WHAT NEEDS TO BE DONE:

Dataset generation is still currently in development. SYMBA uses MARTY to generate datasets of amp/sqamp and diagram/sqamp. However, AMFlow needs FI information in a very specific form, slightly different from the standard form in which physicists are used to writing FIs. It's also not so straightforward to extract the needed information from MARTY by default. Currently, the focus is on exploring MARTY more in depth to identify how to extract said information or explicitly construct FIs in a form more suitable for AMFlow. Specifically, we need to extract propagators from FIs in the form that AMFlow expects them. We will also generalize dataset generation from 2-to-2 processes to general n-to-m.

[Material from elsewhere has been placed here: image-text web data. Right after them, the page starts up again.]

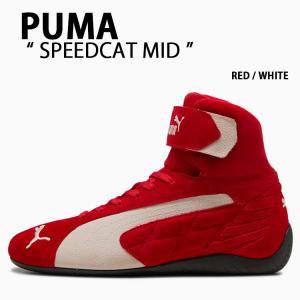 PUMA（プーマ） スニーカー SPEEDCAT MID 400384-01 BLACK シューズ
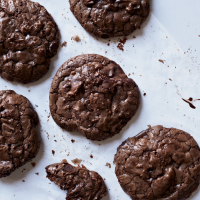 Chocolate Brownie Cookies Recipe - Belinda Leong | Food & Wine image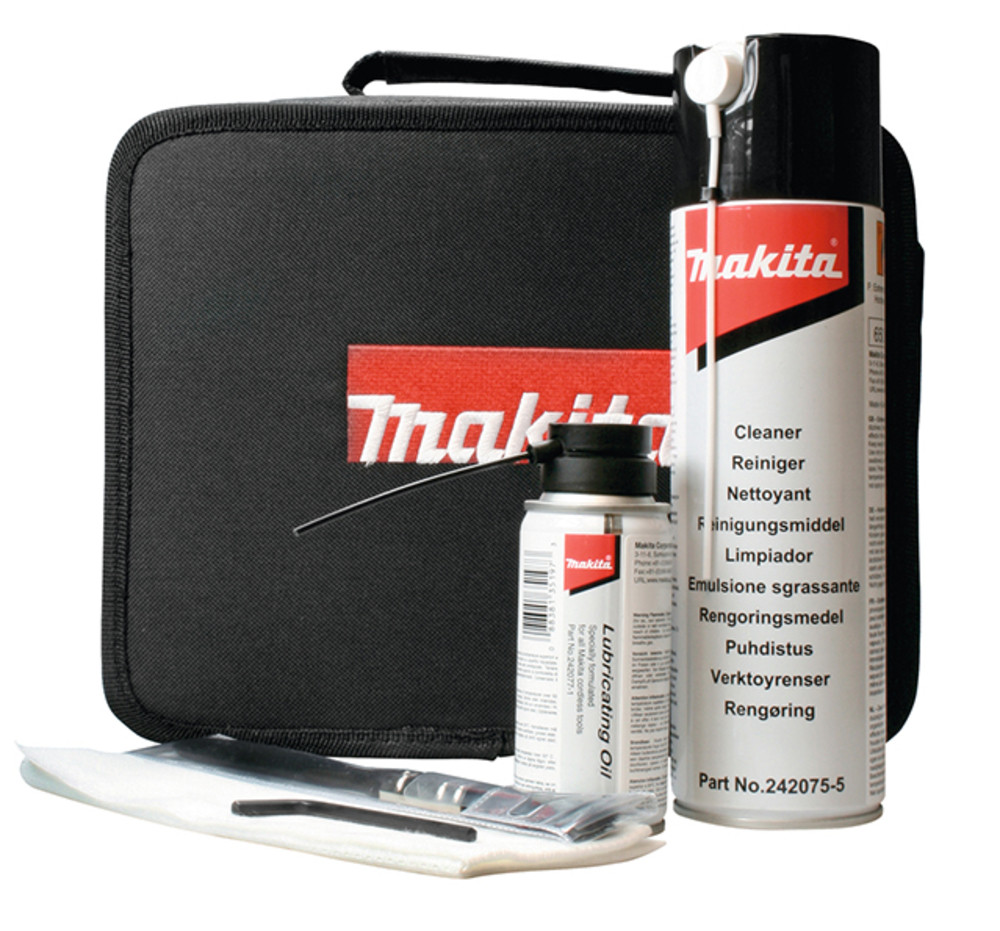 Kit de nettoyage pour cloueur à gaz GN900 Makita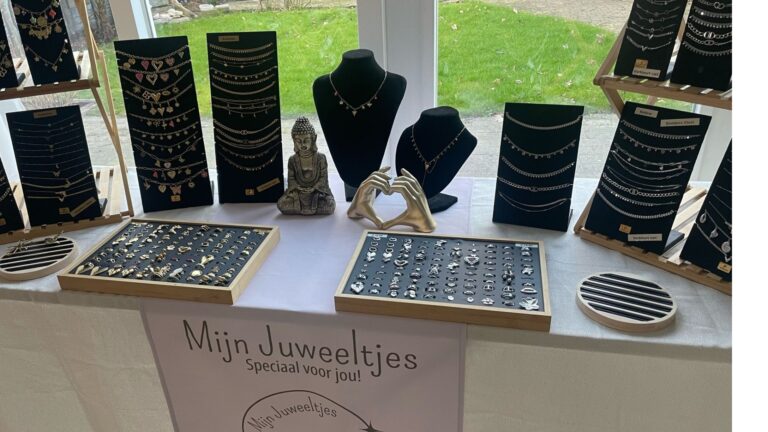Mijn Juweeltjes – Stainless steel sieraden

Some recent searching shows that MARTY can explicitly construct propagators so that they can be printed as simple expressions or string output. This likely happens before the amplitude objects are created, meaning that more extensive modification or re-writing of the data generation code is necessary to obtain the necessary propagator information in this way. This may also make it possible to fully contain the dataset generation to MARTY alone. This is part of the current avenue of investigation.

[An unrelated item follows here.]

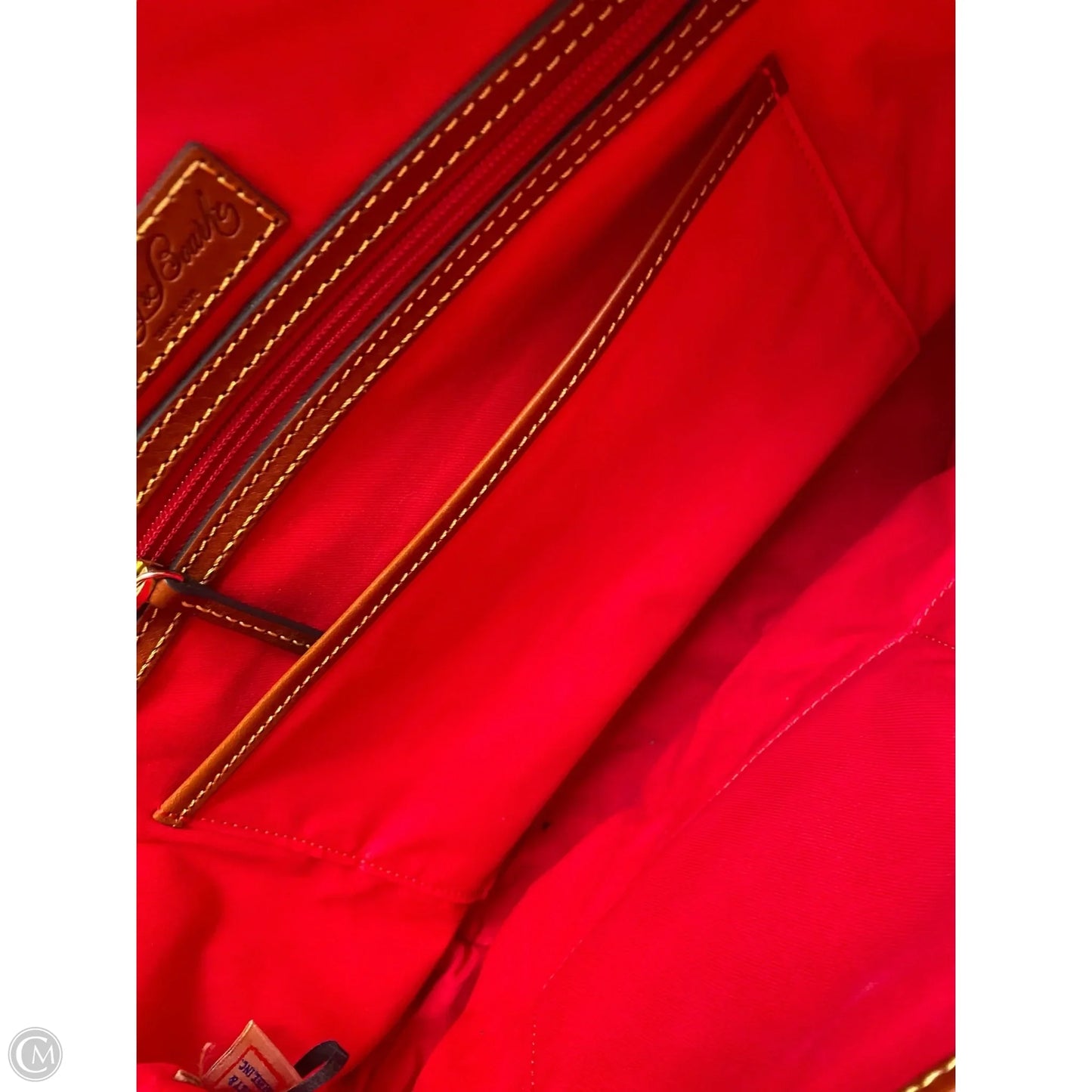 Handbag Designer By Dooney And Bourke, Size: Large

If appropriately formatted AMFlow input can be generated, we must then modify AMFlow to extract the desired matrix information for the FIs in the dataset. An alternative approach would be to use another software package/suite such as FeynCalc to extract this propagator information, as some preliminary research suggests that FeynCalc has built-in functions to directly return propagators in the desired format. As FeynCalc is written in mathematica, it may be easier to interface with AMFlow, but this may have an adverse effect on the speed and efficiency of data generation at scale.

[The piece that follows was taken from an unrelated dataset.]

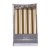 Świeca stołowa prosta DONAU HOME lakierowana 20x170 mm 10 szt. złota-237658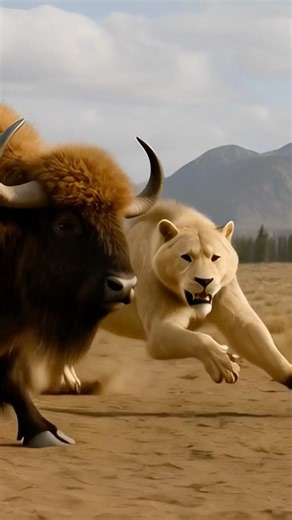 🦁 Meet Panthera atrox — the North American lion.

Once datasets have been created, SYMBA-FI must be created and trained. SYMBA-FI is to be built and trained using Neeraj Anand's PyTorch implementation of SYMBA as a basis. In accordance with existing version(s) of SYMBA, SYMBA-FI will be evaluated on the basis of metrics including sequence accuracy and token accuracy. After building/training SYMBA-FI, we may also consider avenues currently being investigated for the main version of SYMBA, including modifications and improvements for accuracy predicting longer sequences and alternative attention mechanisms.

MERGED CODE:

The current repository consists of a combination of old and newer code. The older code are demos from older versions of SYMBA. The recently merged code is a work in progress of the data generation code. It can be found in the folder "marty_data_generation/QED/," and consists of "All_ParticlesIO.cpp" and "QED_loop_insertions.py", the C++ code that uses MARTY for generating data and the python script that specifies which particles and processes to consider, respectively. This code is based off of Marco Knipfer's data generation code for SYMBA-prefix and has been modified where appropriate for SYMBA-FI. While Marco's code is also outdated, it is similar enough to current data generation code for SYMBA that no problems should arise. This code uses MARTY to create a single large .wl (WolframScript) file with the general structure for running AMFlow input for all given integrals. Eventually, it should produce a single .wl file for each individual FI to be used in the dataset. Of the major information needed by AMFlow, currently the internal/external momenta are extracted from diagrams and provided by MARTY. Obtaining propagator information is the current focus. Conservation and replacement rules are hard-coded placeholder for 2-to-2 processes. Numerical information in the outputs are also placeholder, since we will not require it for SYMBA-FI's goals. Processes have been heavily restricted to electron scattering for code testing and development purposes.

LESSONS LEARNED:

Although I should have expected it, I have learned that project complexity and scope can suddenly increase unexpectedly. Despite learning the needed theory for solving FIs and ML, there is still a gap to bridge between MARTY and AMFlow that was unexpectedly large, requiring that I learn both C++ and the more complex functions of MARTY just to begin setting up the needed dataset. I also learned that I should be more aware of version control when utilizing software that depends on multiple auxiliary programs, as a version control issue set me back 3 weeks before I could identify the issue properly.